Drools is in the top 5 list of rule engines available for Java. It lets you write rules. If you go by their documentation, they give an example of a marketing guy lifting off some work from a developer’s shoulder by adjusting the values for an application in an excel file.

Drools (Decision table) checked on some important points which are crucial for any organization—
1. Scalability — It allowed any number of rows to be added to the excel file which was later converted to .drl file
2. Customizability — This point is crucial for any product company. Drools allows to add new custom functions and manage all the rules using an excel file.

Let's cover some basics before moving forward —

What is a rule?
Simple Answer — A when and then condition. If this matches, then do that.

What is a rule engine?
A rule engine is a tool that maintains all the rules and is given the job to run all the rules in the most effective way.
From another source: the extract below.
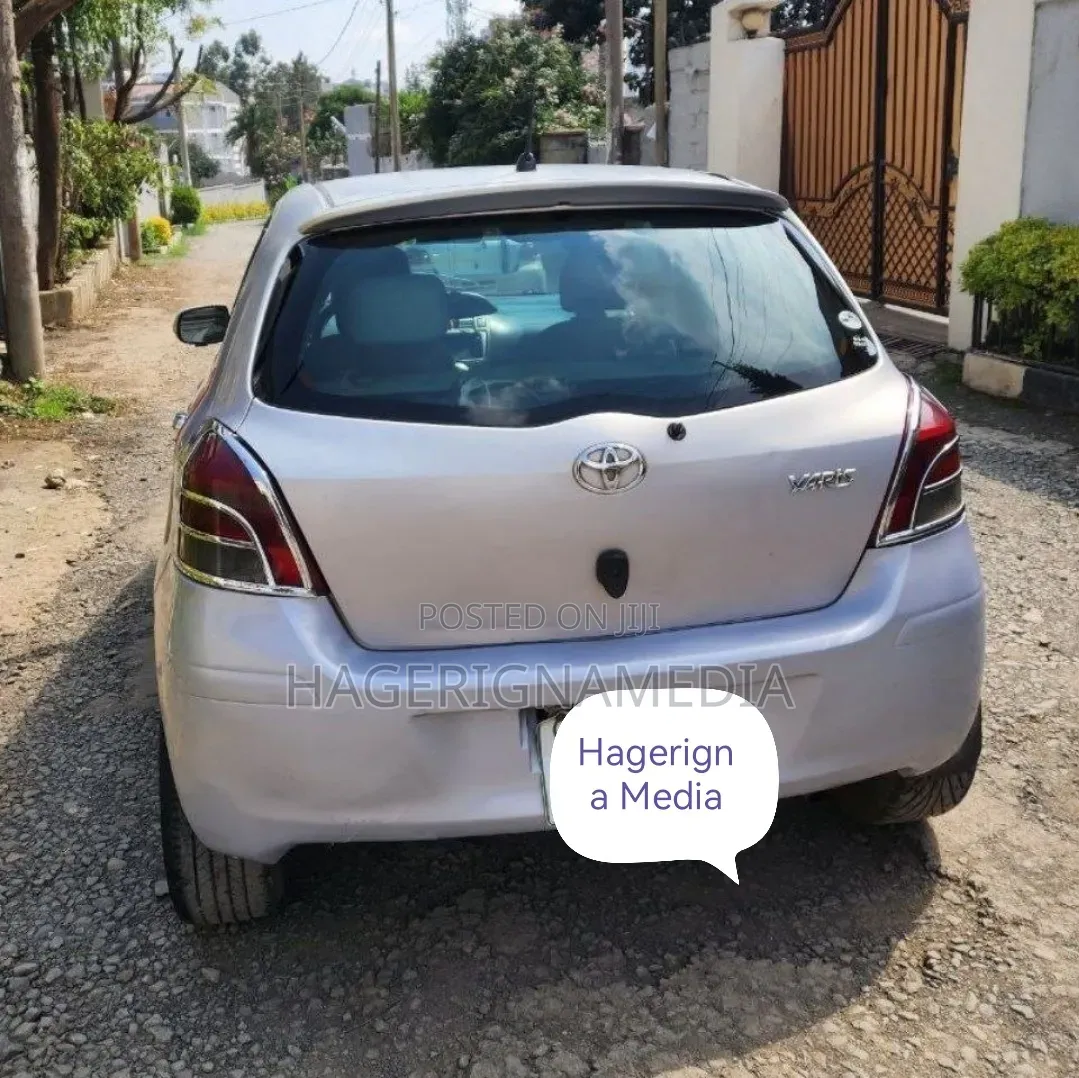 Toyota Yaris 2008 Silver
Drools lets you add multiple columns depicting multiple conditions and their corresponding actions. We started adding all the multiple permissions we had in the system against all the API’s we had in our application. The users were assigned permissions according to their role and when any user used any API, the rule engine was invoked with all the permissions available with the user and matched against all the rules present in the engine. Any match will allow the user to access the system and failure to get a match will throw an unauthorized exception.

This RBAC (Role based access control) did the job well until it was time to expand it to ABAC (Attribute based access control) where new columns were added depicting new actions to be performed on a successful match. On a successful match, the action column will define the level of access of this user.

The layer solved and is still solving multiple needs just by adding multiple columns and rows in an excel file.